テーラーメイド治療を目指す神戸三宮の菊地眼科です

コラム集 まぶたがぴくぴく 2021.08

「まぶたがぴくぴくけいれんします」という症状で受診される方がいらっしゃいます。 決して珍しい訴えではなく、実は私も時々まぶたがぴくぴくすることがあります。 最近では3年前に診療所を引越したときにはその前後1か月はほとんど毎日まぶたがぴくぴくしながら診察していました。 それ以前でも時々ぴくぴくすることがあり、場所は必ず左下まぶたでひどい時には世界が揺れて見えるような錯覚を覚えたこともありました。

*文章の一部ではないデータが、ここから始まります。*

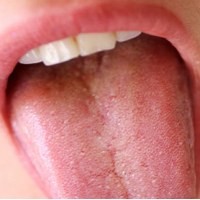 Kebersihan Mulut Pengaruhi Kemampuan Berpikir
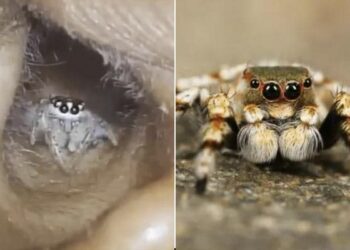 Spider Inside Ear Of Indian Woman: Spider Crawls Out Of A Womans Ear In Shocking Viral Video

私の場合も含めほとんどの方は片眼性でいつの間にか始まり、長くは続かずに終わってしまいます。これは眼瞼ミオキミアという症状です。 眼精疲労や身体的、精神的なストレスが原因といわれています。私の場合も診療所の引越などのストレスが原因だったと思います。 ストレスが軽減されれば症状は改善しますし、治療が必要な病的サインではありません。

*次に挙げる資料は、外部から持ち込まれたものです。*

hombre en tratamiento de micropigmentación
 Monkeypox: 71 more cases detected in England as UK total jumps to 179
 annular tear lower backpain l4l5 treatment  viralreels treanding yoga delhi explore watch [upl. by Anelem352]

自分の意思とは関係なく、両眼性にまぶたを含む目の周りの筋肉がけいれんしてしまい、目をあけようと思ってもあけにくくなってしまう症状を眼瞼痙攣といいます。 当院でも「目を開けようとしても両目とも自然と閉じてしまい、運転が危なくてできない」と受診された方がいらっしゃいました。 普段は何気なく行っているまばたきがうまくできなくなってしまう病気で、目が開けづらいという症状に加え、まぶしい、乾く、ゴロゴロするという症状も出ることがあります。

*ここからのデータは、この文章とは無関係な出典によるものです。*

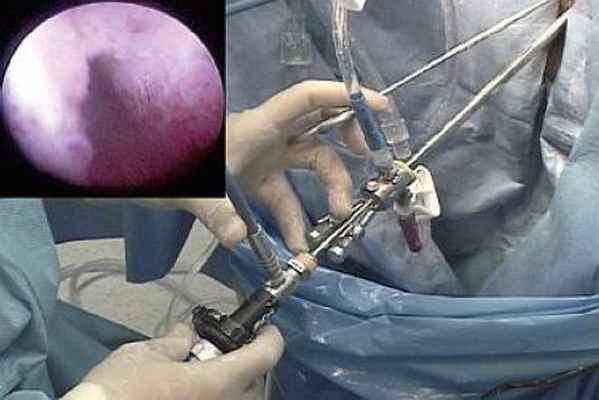 Гистероскопия удаление полипа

原因はまばたきをコントロールする脳の部位の変調によると考えられていますが、通常MRIをとっても異常を認めません。 ただ、パーキンソン病の症状として出たり、脳梗塞後の後遺症として発症することがあります。また、抗不安薬や睡眠導入薬の服用が原因のケースもあるので注意が必要です。 治療法としては薬剤性であれば減量・中止を図ります。 根治療法は残念ながらないので症状を和らげるために、ボツリヌス療法、遮光眼鏡やまぶたを持ち上げる仕掛けがあるクラッチメガネ、薬剤療法などを行います。